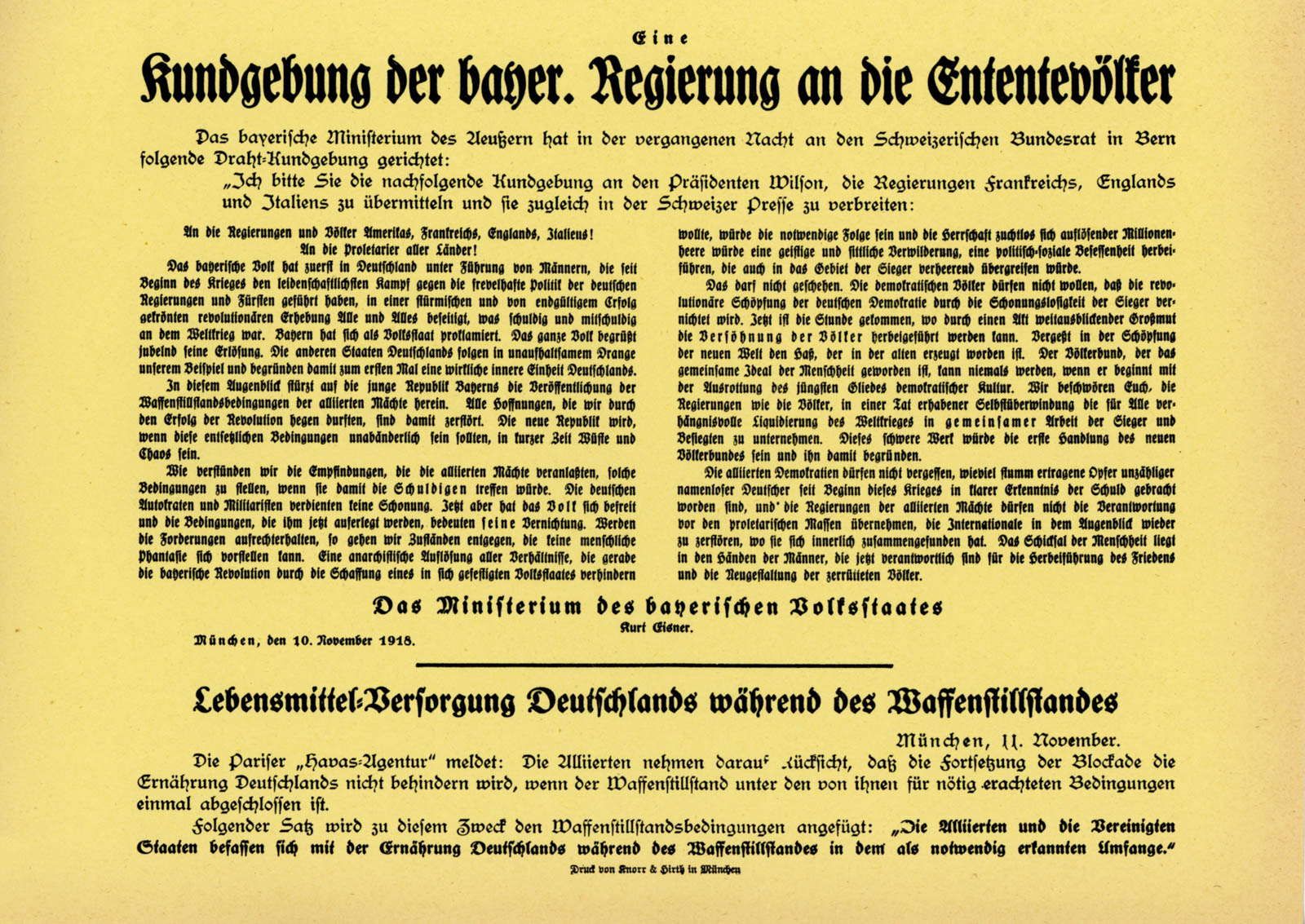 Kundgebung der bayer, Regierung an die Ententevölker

========

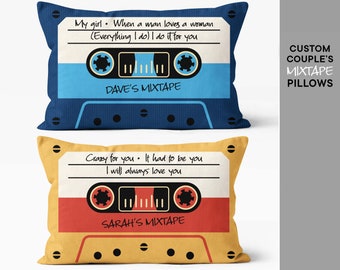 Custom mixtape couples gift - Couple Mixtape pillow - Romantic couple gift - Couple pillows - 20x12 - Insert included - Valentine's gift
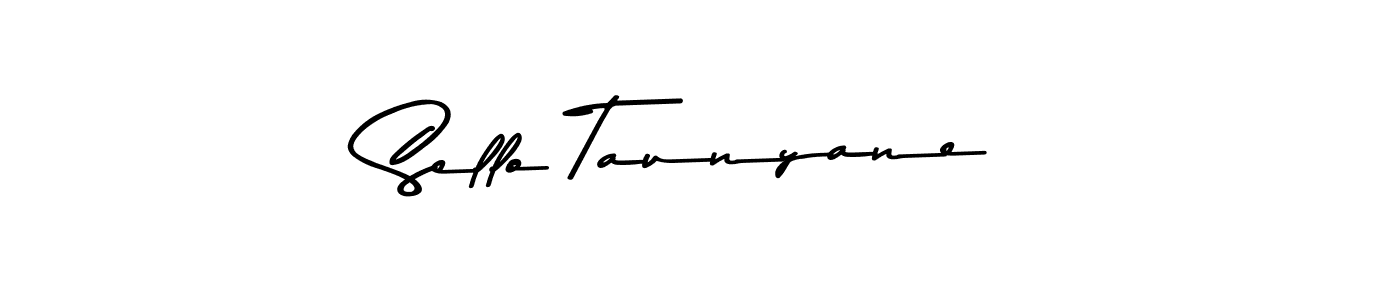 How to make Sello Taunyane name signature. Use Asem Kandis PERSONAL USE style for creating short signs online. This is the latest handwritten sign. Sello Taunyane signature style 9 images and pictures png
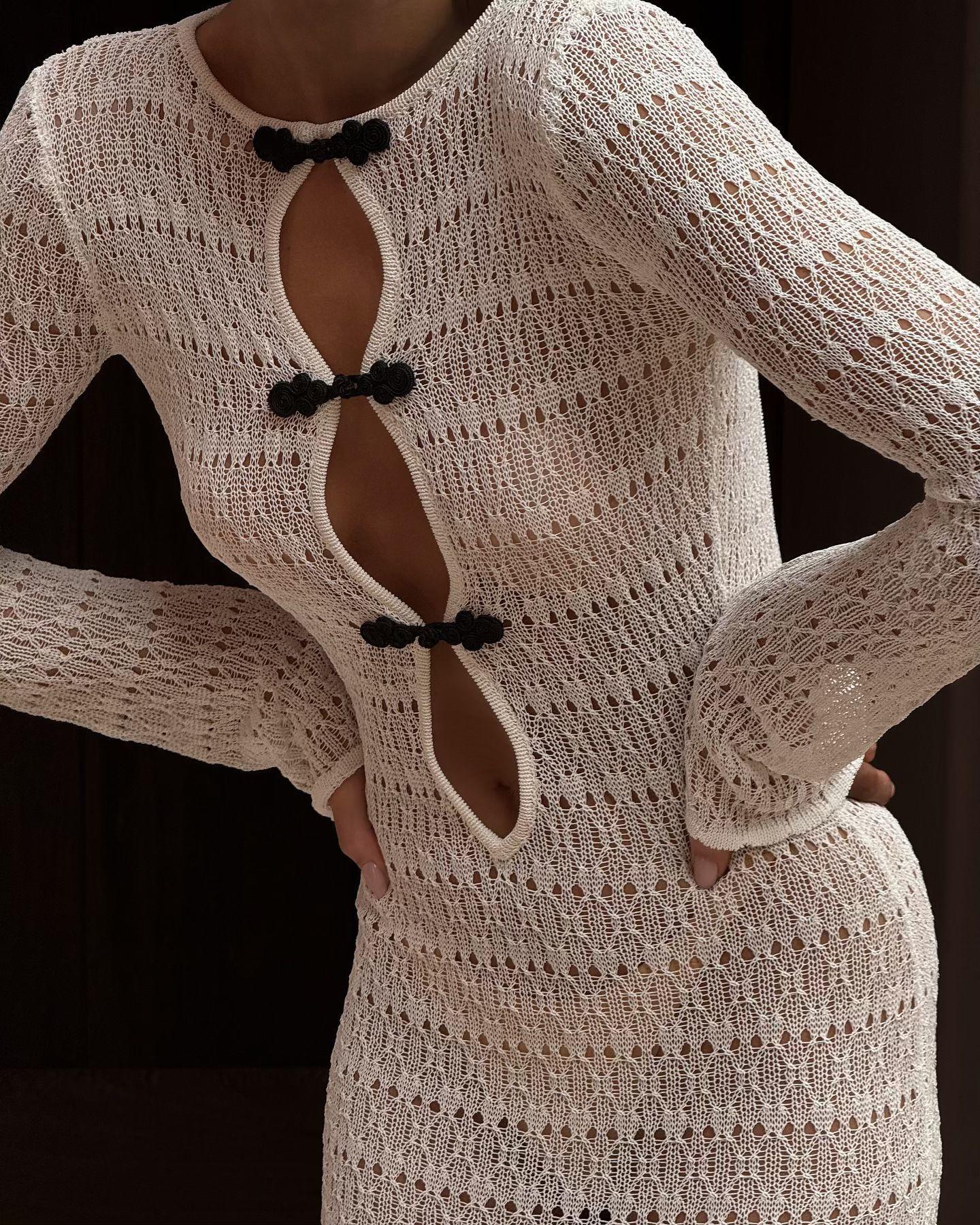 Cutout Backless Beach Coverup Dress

========

The lines to set down run from the line with "How to make" up to and including the line with "Cutout Backless Beach Coverup Dress" in the entries above. Reproduce them exactly, with no pictures.

 How to make Sello Taunyane name signature. Use Asem Kandis PERSONAL USE style for creating short signs online. This is the latest handwritten sign. Sello Taunyane signature style 9 images and pictures png
 Cutout Backless Beach Coverup Dress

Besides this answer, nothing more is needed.